Omwega told journalists at Leaf Camp Hotel in the Somali capital Mogadishu on Monday that the Al-Shabaab militants are still a big challenge since they are embedded within the local population and difficult to deal with.
He, however, said AMISOM had achieved a lot since it took over the mandate to restore peace in the war-torn country, including reinstating a government base in Mogadishu and maintaining security in regional federal governments with sitting presidents.
After the press briefing, Omwega embarked on a tour of several areas where UPDF have bases.
Working with partners like European Union, African Union, UNSOM, UNMAS and others, AMISOM has opened up key road networks to facilitate movements to regional states, enabled schools, churches, health centres and other institutions to open up and give services.
Omwega explained that the AMISOM mandate is coming to a conclusion in 2021 as per the UN security council resolution 2372 to draw down forces.
He said that in December last year, AMISOM reduced its force by 1,000 and is expected to cut the same number by October this year.
Each nation will continue to reduce its force up to the year 2021 when they are expected to make a final withdrawal and hand over to the Somalia National Army, which is expected to take over the mandate to stabilise the Horn of Africa.
But all this is condition-based that there will be well-trained security agencies with the capacity to manage security so that gains achieved are not wasted.

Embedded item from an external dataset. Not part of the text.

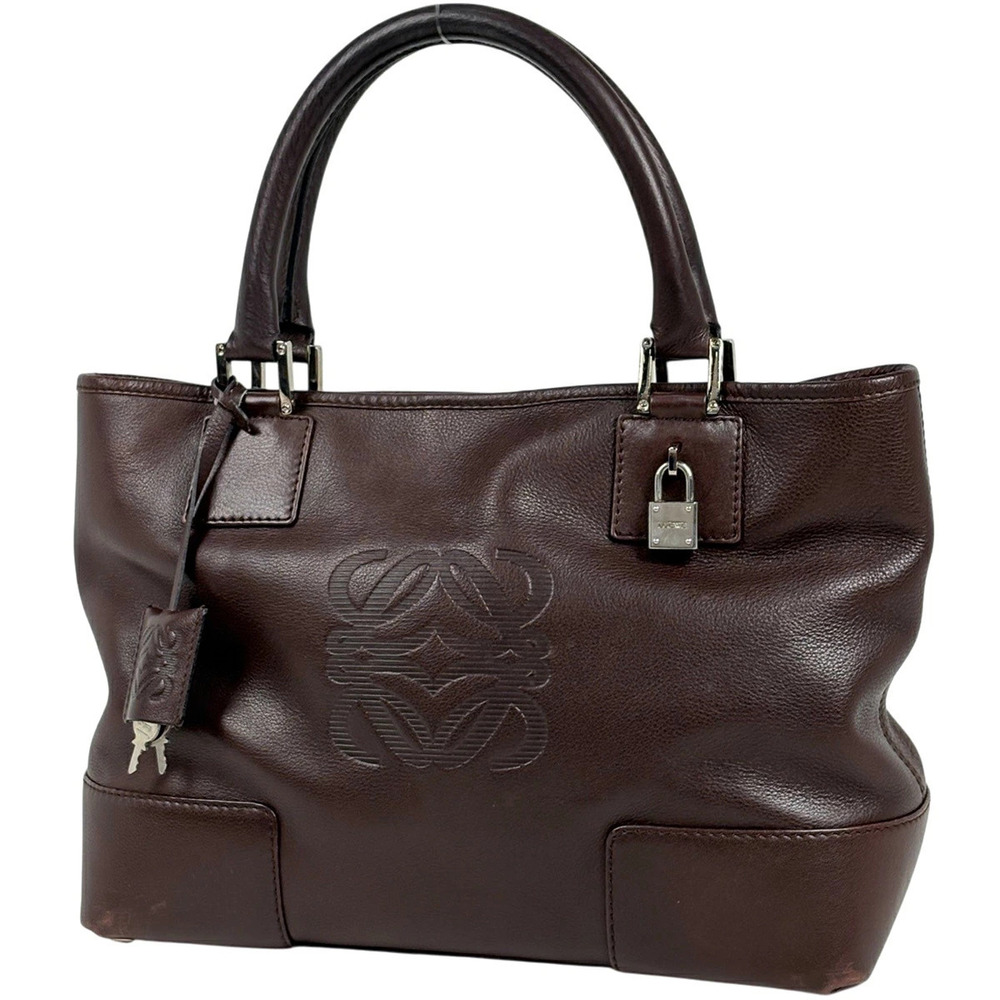 Loewe Amazona Fusta Tote Bag Anagram Leather Brown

The AMISOM spokesperson added that conditions on the ground will determine whether AMISOM will have pulled out by that time.
He said there were 21,000 personnel under AMISOM from Uganda, Kenya, Ethiopia, Burundi, Djibouti and other staff from Ghana, Egypt, Nigeria, Zimbabwe, Sierra Leon and others.
“There are certain areas where EU wants us to hand over, but the local government army ask us how we are going to protect them after we hand over, which is still a challenge.”
Omwega said AMISOM was also getting support from unseen actors from the Gulf region.
His deputy, Major Ceaser Olweny Okello from Uganda, said the UPDF had the biggest area to cover in terms of kilometres and guarding the most important installations, including embassies, AMISOM headquarters, hotels and other places.
He said the army was making the biggest sacrifices, operating in difficult conditions.